Bo Bo’s arrest, however, poses a new test for the populist theories of people like Trump advisor Peter Navarro and his unexpected tariff-loving followers in the Biden Administration who think a trade gap is a trade gouge. Just last week Biden’s Deputy U.S. Trade Representative Dennis Shea excoriated the European Union for inflicting a $178 billion goods trade deficit on the United States.

People like Shea and Navarrro might even understand the indignation of Myanmar’s patriotic generals at the globalist excesses of the Suu Kyi’s Administration. 

Just joking, but the American mainstream media increasingly imply that democracy goes too far when it sells out a society and its jobs to globalist foreigners.

Like Myanmar’s generals, they all agree that trade and jobs represent a zero-sum game and a trade gap is a national loss. Foreigners who sell you goods at cheaper prices are taking your jobs. 

For decades after World War II, Myanmar, nee Burma, thrived as one of the world’s most isolated economies. An emerald land, it became a triumphant precursor and example of the possible promise for America of a “green new deal.” 

With 53 million people and among the world’s richest trove of natural resources, replete with oil, natural gas, timber, and rubies, it became famous for keeping them all in the ground.

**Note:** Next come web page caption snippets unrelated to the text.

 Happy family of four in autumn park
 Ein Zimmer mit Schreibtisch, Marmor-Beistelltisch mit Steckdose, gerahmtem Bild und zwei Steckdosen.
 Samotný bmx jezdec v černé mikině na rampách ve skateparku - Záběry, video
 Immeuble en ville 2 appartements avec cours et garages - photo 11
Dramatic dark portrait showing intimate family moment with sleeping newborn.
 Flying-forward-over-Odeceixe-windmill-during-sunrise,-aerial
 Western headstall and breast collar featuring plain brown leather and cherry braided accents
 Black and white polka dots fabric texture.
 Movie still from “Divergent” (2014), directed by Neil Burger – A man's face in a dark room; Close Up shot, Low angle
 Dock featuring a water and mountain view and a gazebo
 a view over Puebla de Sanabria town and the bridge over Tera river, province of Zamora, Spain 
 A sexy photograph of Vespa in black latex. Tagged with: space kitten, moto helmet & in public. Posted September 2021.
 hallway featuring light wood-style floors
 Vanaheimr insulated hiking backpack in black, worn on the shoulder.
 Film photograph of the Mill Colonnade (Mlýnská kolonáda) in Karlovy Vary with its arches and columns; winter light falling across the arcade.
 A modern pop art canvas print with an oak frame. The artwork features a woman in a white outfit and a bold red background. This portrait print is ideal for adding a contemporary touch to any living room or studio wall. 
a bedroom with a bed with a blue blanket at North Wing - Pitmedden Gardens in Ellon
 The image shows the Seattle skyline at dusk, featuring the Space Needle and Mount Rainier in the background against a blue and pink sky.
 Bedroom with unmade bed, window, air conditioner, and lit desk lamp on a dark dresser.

There they remained safe from foreign depredations and safe for the world’s environment. Emissions of CO2 or other “pollutant chemicals” were blissfully undetectable. Myanmar posed little or no threat to the global climate.

The chief renown of the country was the unfathomable geography of Rudyard Kipling’s on “the road to Mandalay, where the flying fishes play, and the dawn comes up like thunder out of China ‘cross the Bay.’” 

Then the glamourous Suu Kyi took over in 2015 under her National League for Democracy. Although she relinquished defense, homeland security, and 25 percent of parliamentary seats to the military, she retained control of banking and economic policy. 

She called in Bo Bo and globalism held sway. Her regime allowed the licensure of 17 foreign banks in the country, a 33 per cent surge of $5.5 billion in foreign direct investment, and a fivefold increase in Myanmar GDP. The U.S. trade gap with Myanmar rose to $474 million in 2020. 

Shrewd minds in Washington took notice and alarm. Bo Bo was becoming a menace to American jobs! 

Just kidding. Circular firing squads are no fun, whether in Myanmar or in the U.S.

As my “Man on the Margin” Mike Kendall writes:

“If an individual desires to trade a unique product that is self-funded, sweated over, and brought to creation, for another product anywhere in the world, why should that trade be prevented? 

“What is the advantage in having the terms of that trade made uneconomical by onerous, arbitrary tariffs enacted for the benefit of perceived national policy?  How does an individual, a potential trade partner, or an economy as a whole benefit?”

“The collection of individuals comprise a nation’s economy.  Henry Hazlitt wrote in Economics in One Lesson that ‘What is harmful or disastrous to an individual must be equally harmful or disastrous to the collection of individuals that make up a nation.’”

Free Bo Bo! Free the world economy from zero sum generalists.